> [Task statement]
Retype the lines of the material below, exactly and only, from the one containing "Hoya callistophylla rooted" through the last line, with pictures left out.

——

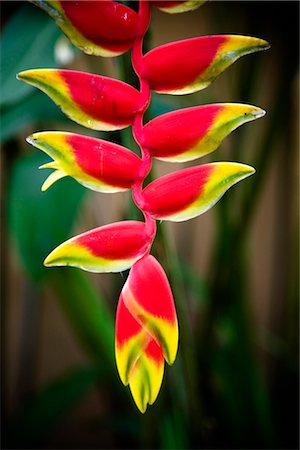 Heliconia Flower, Ubud, Bali, Indonesia Stock Photo - Rights-Managed, Code: 700-02633570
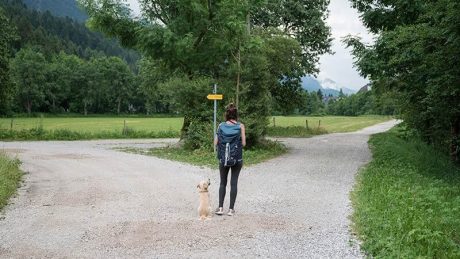 How Much Does it Cost to Train a Guide Dog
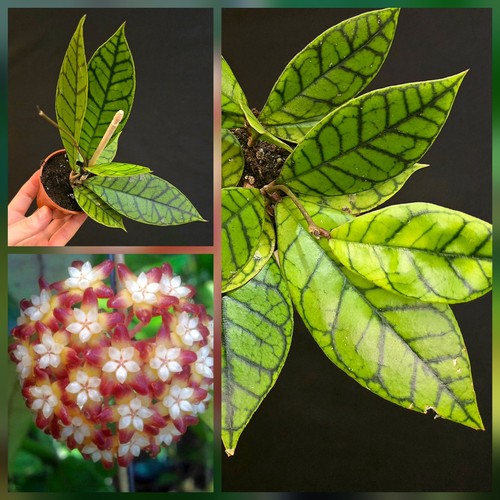 Hoya callistophylla rooted - callistophylla.,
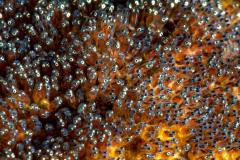 anemonfish_eggs6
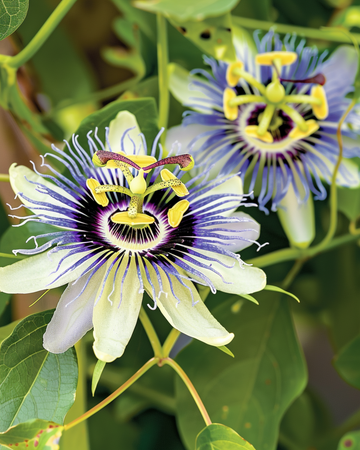 Passion Climber seeds (Passiflora caerulea) – perennial climber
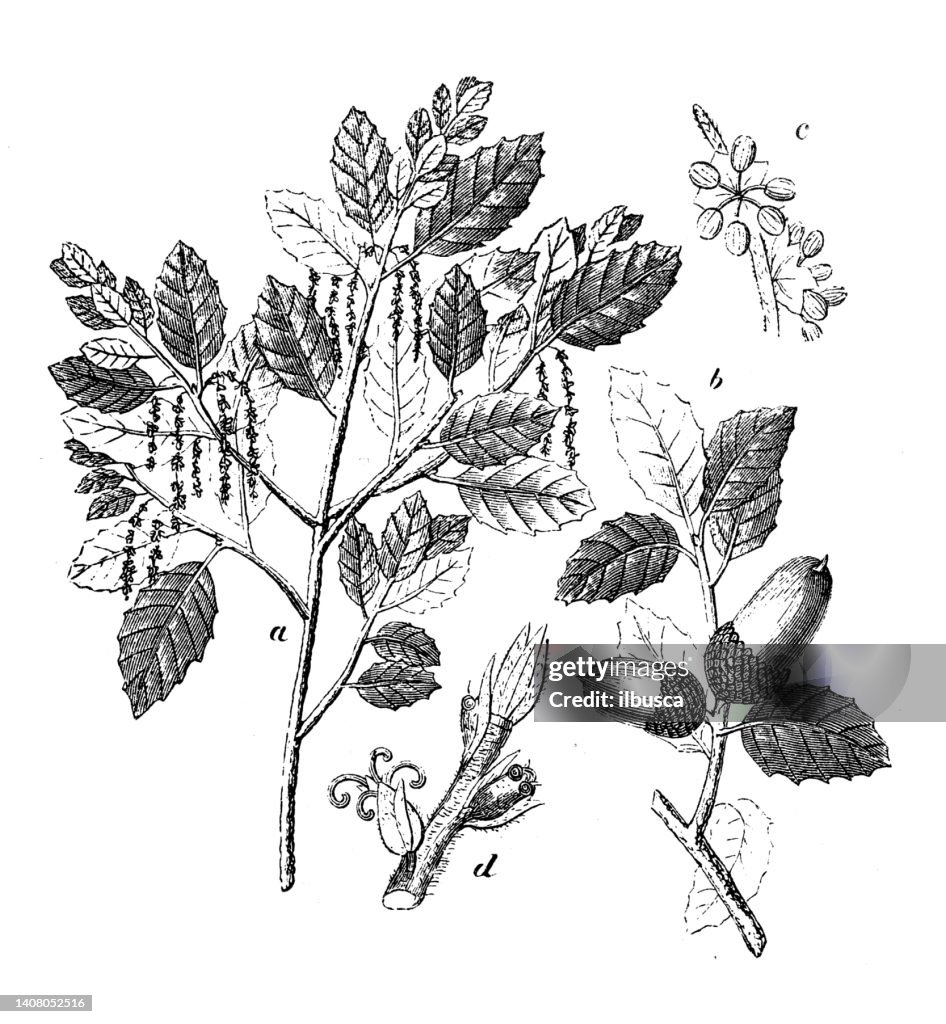 Antique engraving illustration: Quercus suber, cork oak
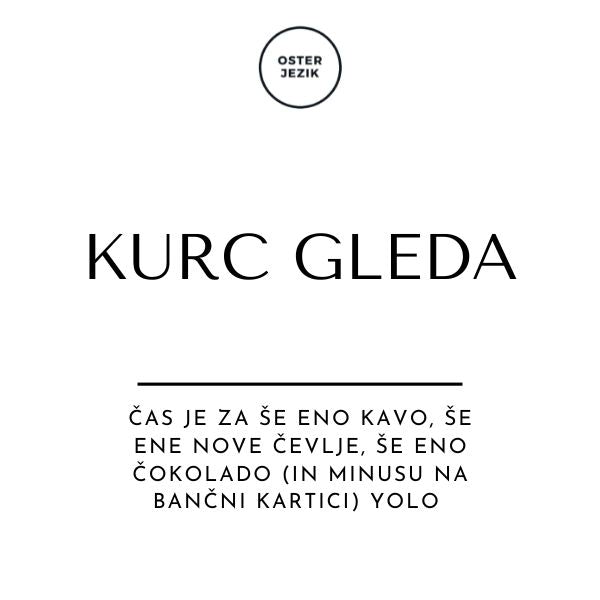 Magnet "KURC GLEDA"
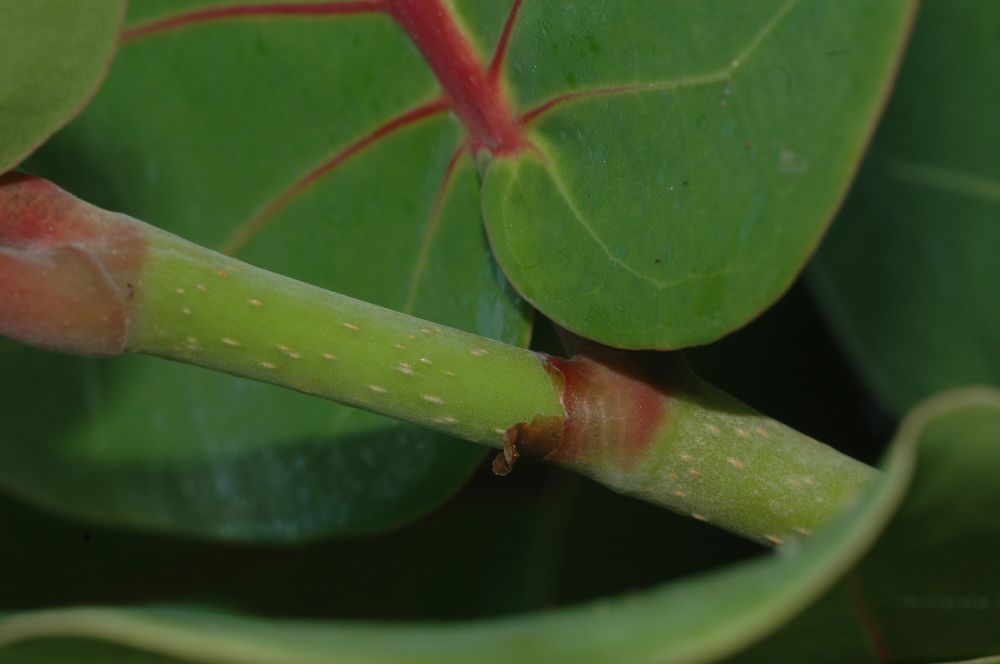 Polygonaceae Coccoloba uvifera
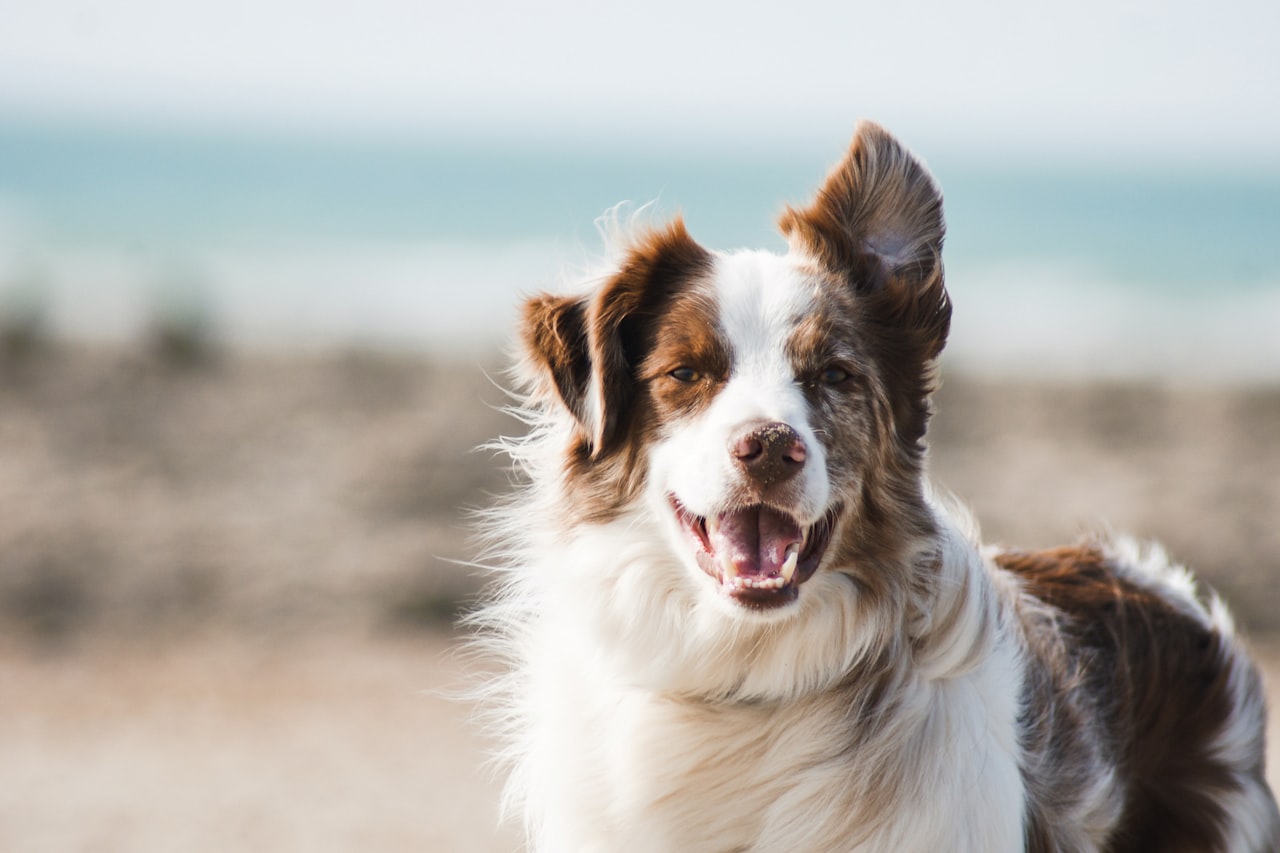 Flea & Tick Control service in Lenexa, KS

——

> [Expected output]
 Hoya callistophylla rooted - callistophylla.,
 anemonfish_eggs6
 Passion Climber seeds (Passiflora caerulea) – perennial climber
 Antique engraving illustration: Quercus suber, cork oak
 Magnet "KURC GLEDA"
 Polygonaceae Coccoloba uvifera
 Flea & Tick Control service in Lenexa, KS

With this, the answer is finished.